Rahnema explique cette troisième « vie » par le fait que le mot pauvre aurait été utilisé comme un adjectif durant des millénaires jusqu’à l’apparition des sociétés d’échange. Était ainsi considérée comme pauvre toute chose dotée de qualités qui ne répondaient pas à ce que la société attendait d’elle. Un homme fortuné mais mesquin était ainsi considéré comme pauvre, de même que l’était un roi africain n’ayant pas suffisamment de bétail ou de domestiques. Par contre, ce même roi n’aurait jamais été considéré comme pauvre s’il avait toutes les qualités nécessaires à son rang mais qu’il ne portait pas de chaussures. Ainsi, durant très longtemps, les notions de « richesse » et de « pauvreté » n’ont pas relevé obligatoirement de la possession d’argent ou de biens.
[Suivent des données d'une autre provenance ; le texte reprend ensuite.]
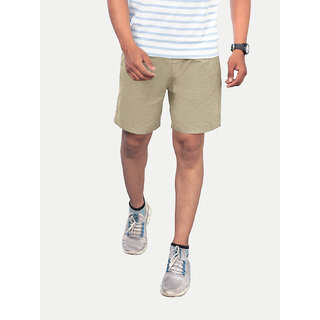 Men Solid Brown Casual Cotton Shorts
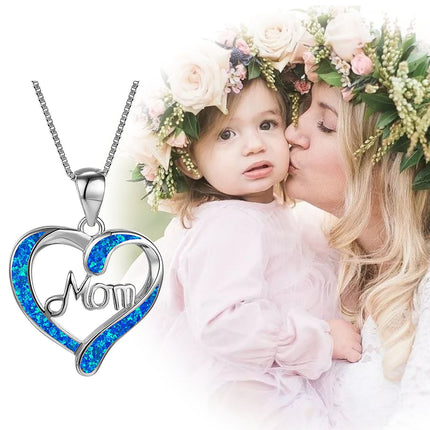 Chmadoxn Necklace for Mom 925 Silver Love Heart Pendant Necklace Birthstones Jewelry Blue Sapphire Pearl Simulated and More Stones Jewelry Women Birthday Mother's Day Silver.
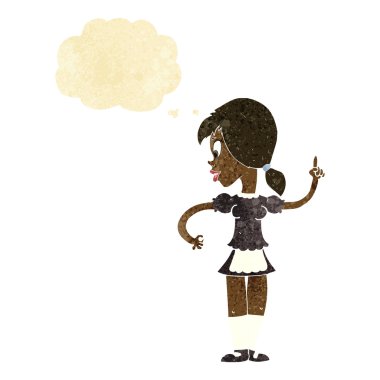 Çizgi film garsonu düşünce balonuyla sipariş veriyor.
De mon point de vue, il en est de même aujourd’hui. En effet, en me basant sur les propos recueillis lors des premières vagues d’interviews, je ne peux que constater que de multiples autres domaines sont mis en lumière, en dehors du domaine financier.

Cette perception, la perception basée sur la fortune, a évolué au fur et à mesure qu’augmentait la place accordée par les sociétés « économiques » à l’argent. Rahnema (2003) affirme que ce changement provoqua à son tour une rupture radicale dans la perception de la « richesse-pauvreté ».